Привезено потом из Путивля осадных орудий 5 и поменьше 8. Наши выставили их в траншеях, приискав выгоднейшее место для действия, и стреляли из них по Новогродку весьма сильно. В первый день убили до 60 людей в замке, ибо ядра пробивали стену насквозь. Стрельба сия продолжалась почти целую неделю днем и ночью.
Потом дошли до нас слухи, что великое войско Бориса, как сказывали, до 200 000 человек, идет на нас. Наши, по Божией милости, того не побоялись. Из разных рот собрались охотники, которые, избрав из среди себя начальников и взяв с собою московских провожатых, пошли на встречу Борисова войска, для наблюдения за движениями оного.
Москали также из войска Бориса отрядили перед собою для открытия несколько тысяч татар. Наших не было более 800. Встретившись с неприятелем нечаянно ночью, мы сразились. По Божьей милости, татары побежали, и мы гнали их в болото, где много их потонуло. Пленных досталось нам несколько десятков; пытая их, мы узнали, что войско превеликое.
Чрез неделю потом оное войско Борисово подошло к нам под Новогродок, к самому почти лагерю, так что передовая стража наша убралась в лагерь, давая знать, что народу много идет.
Пан воевода, в качестве гетмана, отправил свежую стражу из лагеря, дабы стереглись до рассвета. На другой день, призвав в помощь Господа Бога и затрубив тихо под сурдиною, войско выступило из лагеря. Москва укрепилась и стояла охорашиваясь и гарцуя. Басманов не переставал делать частые вылазки из замка, стреляя в наших. Потому наши отрядили несколько сотен казаков, приказав им удерживать его. Несколько раз казаки по пятам его врубливались в самый замок. Наступил вечер: сражение не было дано, потому что время прошло в переговорах царевича с москвою.
На другой день, когда переговоры не имели успеха, войско московское, весьма многочисленное, подступило к самому лагерю. Наши, будучи готовы, вышли из лагеря в порядке. Устроили войско как умели лучше и потом велели вступить в сражение роте пана Неборского, состоящей из 200 лошадей. Неборский дрался хорошо, но был опрокинут москвою. Отведя роту, он скоро опять возвратился на бой и поскакал с двумя ротами с Крушиною и Былинским. В то же время Дворжицкий так мужественно наступил с своею пятигорскою ротою, что почти успел привесть москву в замешательство. Потом бросились на неприятеля две роты гусарские, пана старосты Саноцкого и пана Фредро. Третья пана Щуки хорошо поддерживала.

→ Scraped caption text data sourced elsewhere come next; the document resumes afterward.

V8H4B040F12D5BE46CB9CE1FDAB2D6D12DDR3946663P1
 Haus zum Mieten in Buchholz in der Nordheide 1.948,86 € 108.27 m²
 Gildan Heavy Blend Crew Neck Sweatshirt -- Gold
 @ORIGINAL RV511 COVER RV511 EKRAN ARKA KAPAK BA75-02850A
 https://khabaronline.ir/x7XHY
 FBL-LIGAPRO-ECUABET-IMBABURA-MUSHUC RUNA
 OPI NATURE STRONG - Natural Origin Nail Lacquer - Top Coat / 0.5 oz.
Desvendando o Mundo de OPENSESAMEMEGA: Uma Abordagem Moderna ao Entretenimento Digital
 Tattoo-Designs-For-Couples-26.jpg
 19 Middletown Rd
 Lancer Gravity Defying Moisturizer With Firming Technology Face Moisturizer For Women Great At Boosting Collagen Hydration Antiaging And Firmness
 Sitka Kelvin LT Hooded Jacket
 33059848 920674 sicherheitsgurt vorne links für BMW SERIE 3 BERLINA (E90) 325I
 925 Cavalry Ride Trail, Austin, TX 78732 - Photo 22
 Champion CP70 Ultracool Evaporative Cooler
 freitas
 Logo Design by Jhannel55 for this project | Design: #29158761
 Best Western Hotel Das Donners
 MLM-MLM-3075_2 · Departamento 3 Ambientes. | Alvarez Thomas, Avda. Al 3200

Наконец сразилась и четвертая царская рота, из 200 лошадей состоящая, и много пособила, ибо тот час же большое московское войско начало отступать. Были, однако ж, еще запасные роты, которые не сражались, ибо не было в том надобности. Несколько тысяч стрельцов Борисовых были так укрыты в долу, что не скоро наши открыли их. Польская пехота наша наступила на них и с помощью Божьею всех их разбила. Таким образом, при помощи Божьей, мы отстояли поле и одержали победу. Войско Борисово отступило от нас за две мили и поделало засеки и прокопы в лесу. Наши чуть-чуть не взяли богатую хоругвь главного московского войска.
На другой день, по христианскому обычаю, погребали тела убитых москалей. Три огромные могилы вырыты были на поле сражения, и там схоронено до 6000 трупов.
Царь, проезжая между мертвыми телами и видя столь много своих земляков убитых, очень сожалел и плакал. Поляков же убитых, из значительных, было не более 20, и они похоронены с великою честью при церкви, бывшей посреди лагеря; других же простых людей наших погибло до 100, и их похоронили возле москалей, в малой могиле. Между мертвыми найден Мстиславский, весьма изрубленный.